The earliest existing historical records of the church date back to the year 1310, but the church was not new that year. The first church in Meldal was likely built in the 13th century and it may have been an important county church since it had been built on the Grøtte farm in Meldal which was a Crown Estate. The building may have been a stave church. Historically, the church was known as the Grøtte Church. The church was torn down in 1650 and replaced with a new church on the same site. The new church was built by the architect Ole Jonsen Hindrum. It was a long church made out of logs. It was consecrated on 11 October 1650.

In 1814, this church served as an election church (valgkirke). Together with more than 300 other parish churches across Norway, it was a polling station for elections to the 1814 Norwegian Constituent Assembly which wrote the Constitution of Norway.
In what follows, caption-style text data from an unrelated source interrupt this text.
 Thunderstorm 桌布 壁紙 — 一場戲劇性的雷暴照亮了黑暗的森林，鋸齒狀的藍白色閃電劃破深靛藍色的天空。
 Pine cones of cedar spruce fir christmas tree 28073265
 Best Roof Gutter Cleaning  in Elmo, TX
This was Norway's first national elections. Each church parish was a constituency that elected people called "electors" who later met together in each county to elect the representatives for the assembly that was to meet at Eidsvoll Manor later that year.
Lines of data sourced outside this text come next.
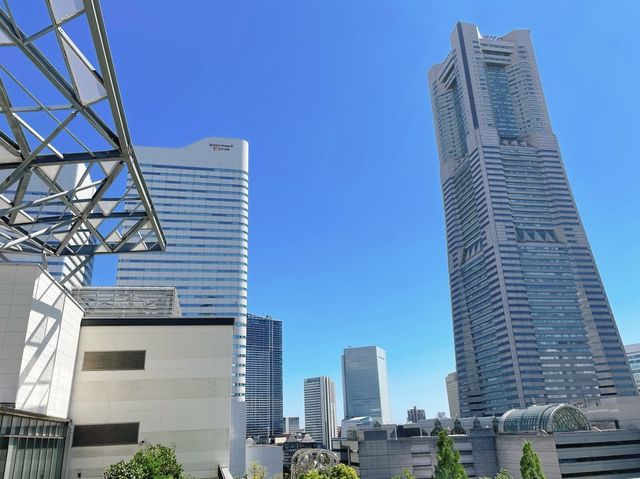 【MARK IS みなとみらい屋上/みんなの庭】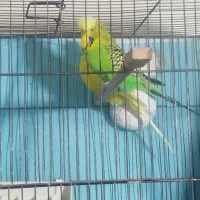 مرغ عشق جفت خورده به شرط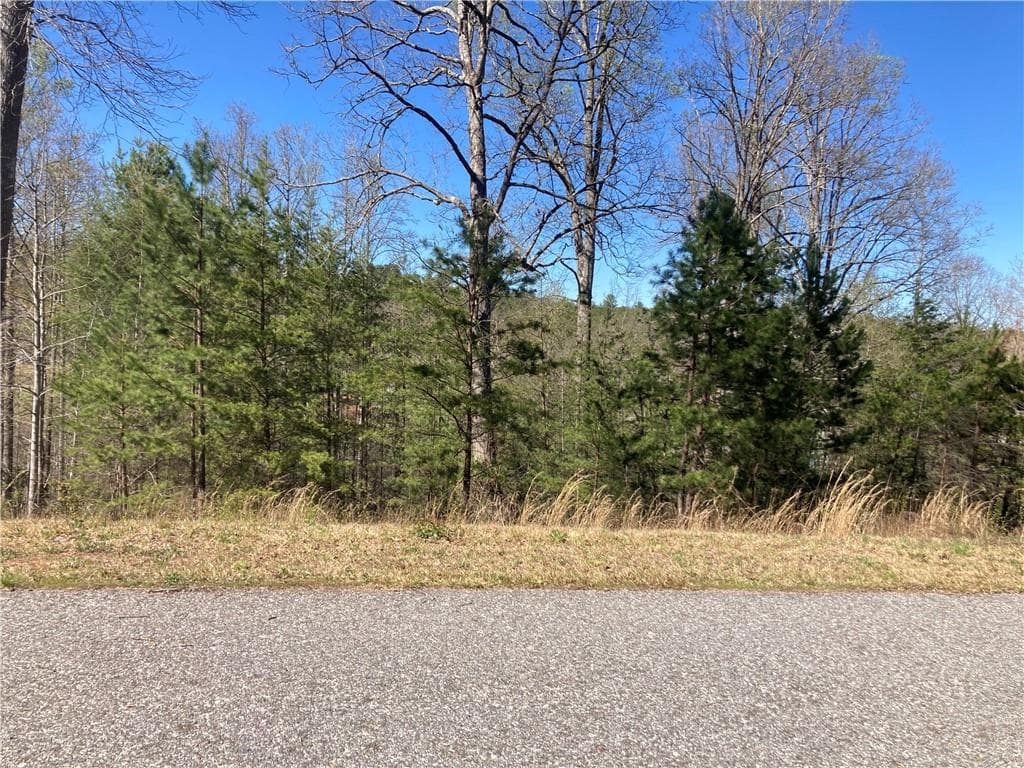 other sold at 0 Cora's Way, Blairsville, GA 30512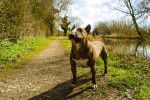 Un Bull Terrier en promenade au bord d'un lac dans un parc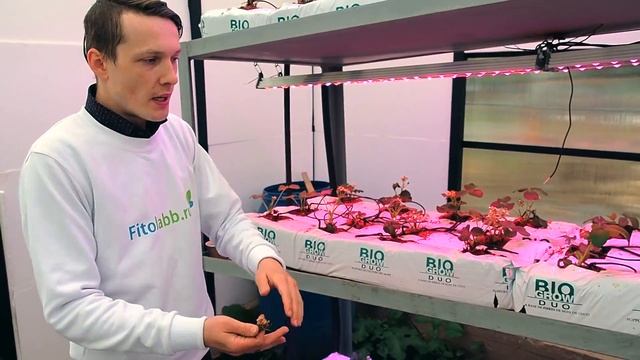 Клубника Фриго и все что нужно знать о ней (Секреты рассады клубники)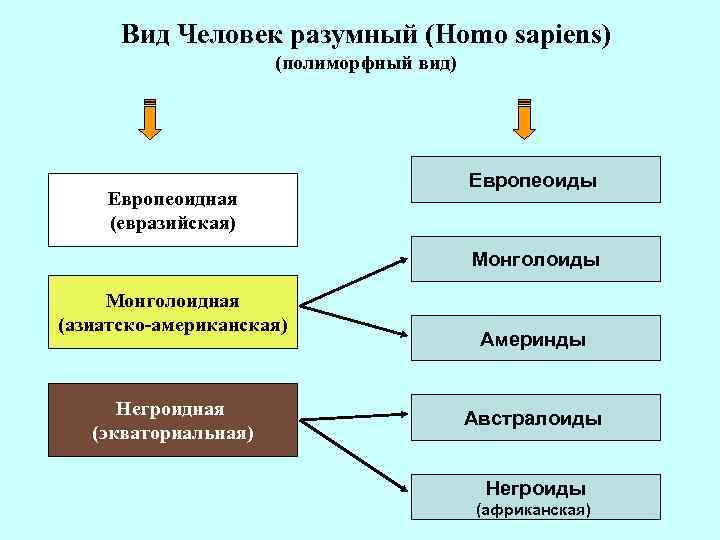 Вид Человек разумный (Homo sapiens) (полиморфный вид) Европеоидная (евразийская) Европеоиды Монголоидная (азиатско-американская) Негроидная (экваториальная)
The church tower was rebuilt in 1838 and the new tower was somewhat shorter than the original. In 1908, the church was painted white on the outside, before it regained its original red color in a restoration led by John Tverdahl in 1930–1934.

On 16 June 1981, the old church burned to the ground. It was decided to rebuild the church using the same design from 1651, rather than building a more modern building. The plans did call for a few alterations from the original, however. The new church is slightly larger than the original. Also, it is a concrete building that is clad in wood to make it look like the original. The new church was completed in 1988.